Petit à petit l'espace se réduit.
La cuisine est devenue hors limites il y a de nombreux mois déjà. Jamais propre, jamais accessible. Toujours à se marcher dessus, les rares moments à y exister ensemble. Une grande cuisine, pourtant, mais des normes d'hygiène et des attentes sur le rangement drastiquement différentes. Et ce renoncement qui devait être fait pour faire réagir : "tant que c'est comme ça, je n'y entre pas". Grosse maline. Plus de cuisine.
La salle de bains : envahie de piles de linges, le sale d'un côté, les panières pleines de propre jamais rangé de l'autre. C'était une bonne idée, pourtant, semblait-il. Une panière par habitant, à poser dans la chambre concernée une fois par semaine. Chacun range sa part. Jamais fait. Trop compliqué, encore. Et le linge sale des garçons qui surgit par sacs entiers, d'un coup, qui bloque tout le temps d'évacuer la corvée. La faute d'un gosse qui n'est même pas le mien qui trouve le couloir trop long. Sans parler de l'irracontable dégueulasserie.

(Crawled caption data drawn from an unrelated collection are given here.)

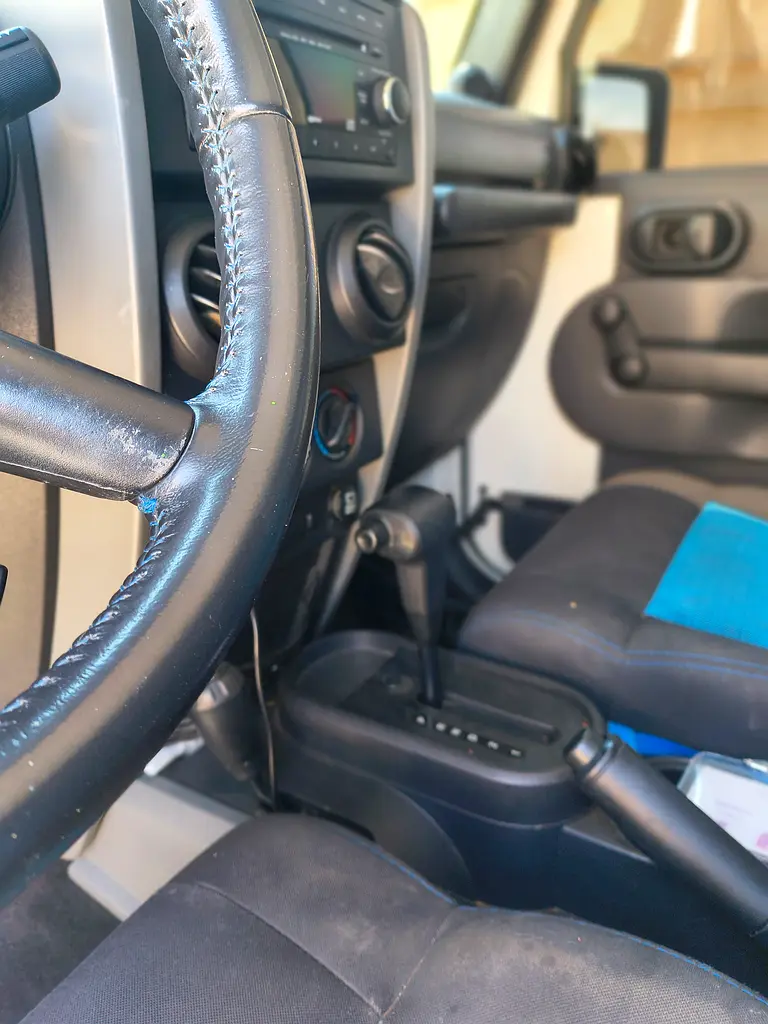 Jeep Wrangler 2010 — photo 1 of 6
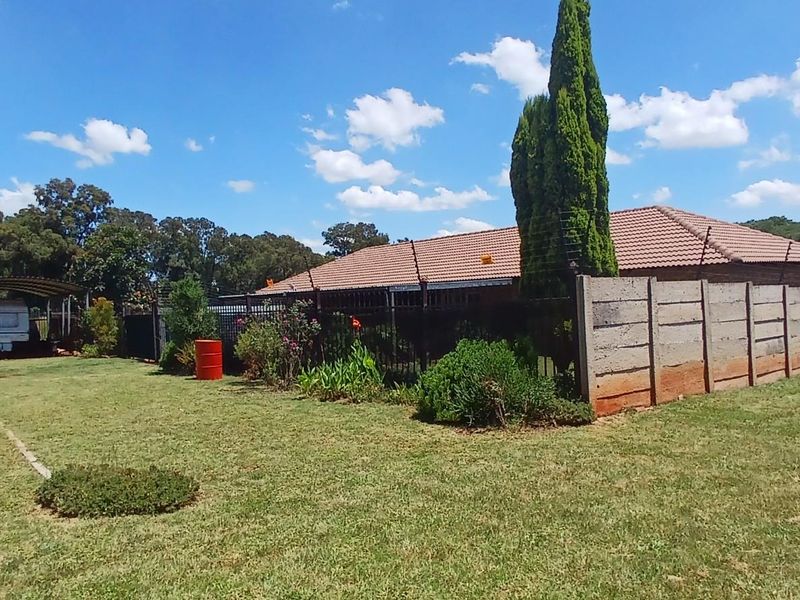 Property for Sale with two independent 3-bedroom Houses in Strydfontein Pretoria Gauteng - Photo 2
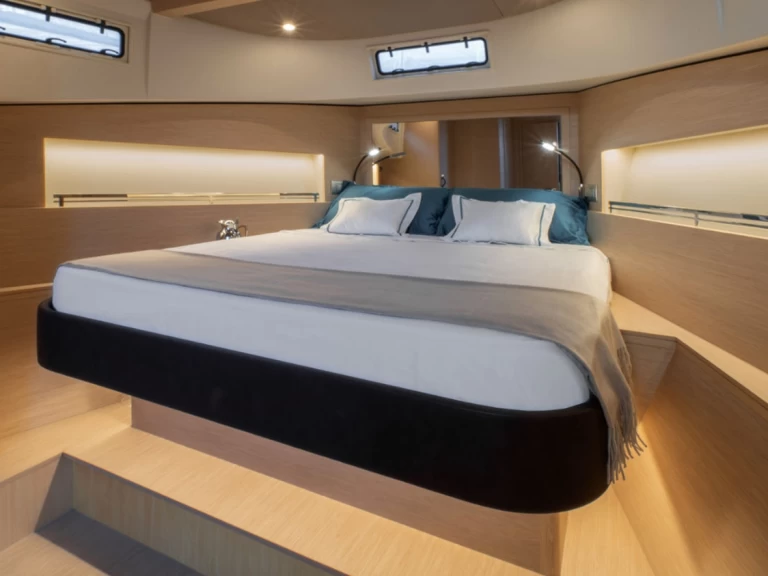 Motorboat for rent Split at the best price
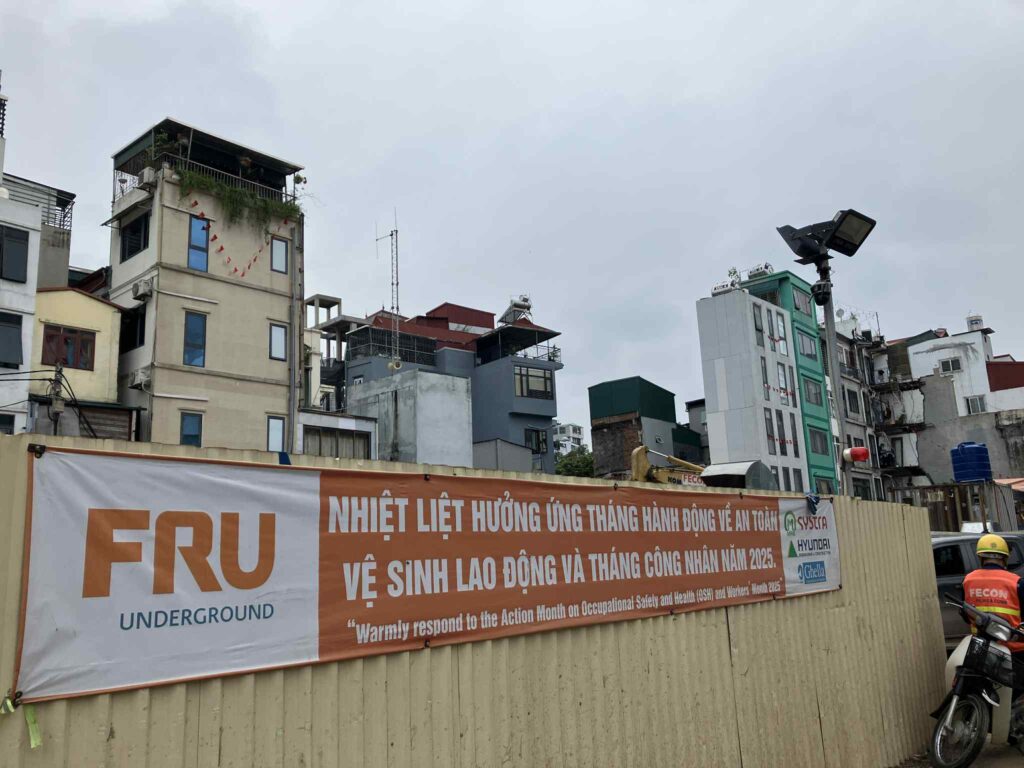 Van Mieu駅工事現場に掲示されたFRU UndergroundとSYSTRAの安全衛生バナー（2025年11月撮影）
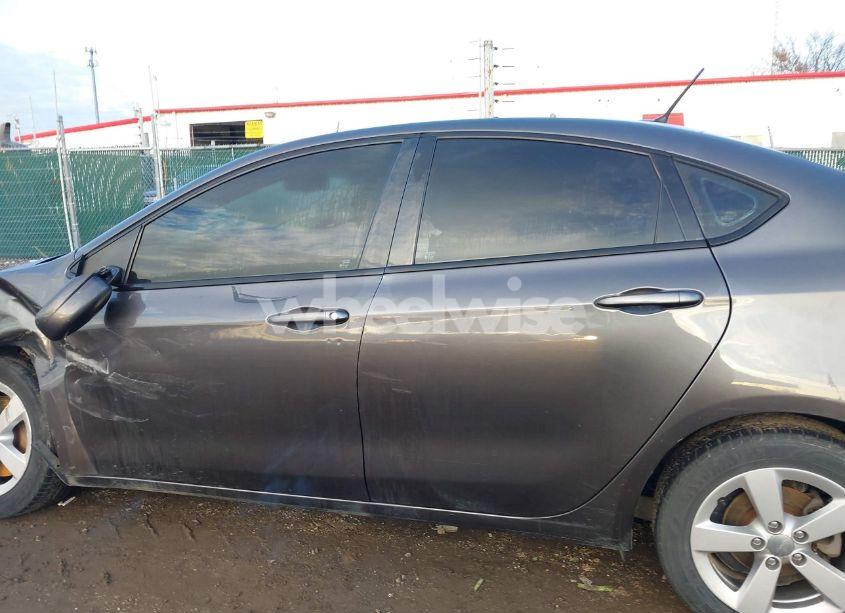 Photo 14 of 2015 Dodge Dart SXT (VIN 1C3CDFBB6FD205363)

Le salon devenu lieu de sommeil, aussi, abandonné. Il semblait humain de laisser à l'autre "son" espace qui ne redevient commun qu'au moment des repas partagés, comme si de rien n'était. Envie de vomir plutôt que de manger, souvent, devant le spectacle du déni.
Même ma chambre. Occupée cinq jours par semaine de 9 heures à 18 heures au moins. Sans aucun scrupule à s'attarder. Pièce dans laquelle, si la porte n'est pas fermée, on regarde, on entre sans prévenir, on interrompt.
Reste le lit. Même s'il a fallu batailler pour le déclarer zone interdite, à mon usage exclusif réservé. A part les chats. 2,8 mètres carrés où planquer le peu qui reste de ma vie intime. Enfin intime, calmons-nous. Hors de question d'en faire quoi que ça soit d'autre que ma retraite. Pas de changement d'agencement possible, non plus, pour le moment.
Litanie de la relativisation : c'est pas grave, c'est que du matériel, c'est à durée limitée, ok ça paraît long, pourquoi s'infliger ça, pourquoi être la seule à s'obstiner à considérer les autres, j'en rirai plus tard, déjà trois mois, tiens bon, c'est rien, il y aura un après.
Mais ne pas avoir envie d'en rire. Du tout. Rentrer parce que les enfants sont là, enfin au moins un, l'autre, une semaine sur deux. Rentrer parce que c'est le seul endroit possible. Rentrer parce que quand même, c'est chez moi, bordel. Mais n'avoir qu'une envie, à de rares moments près, quand j'y suis : être ailleurs. Tant que je ne peux pas refaire mon nid, m'y planquer.
2,8 m². C'est pas lourd, sauf dans ma tête et mes tripes.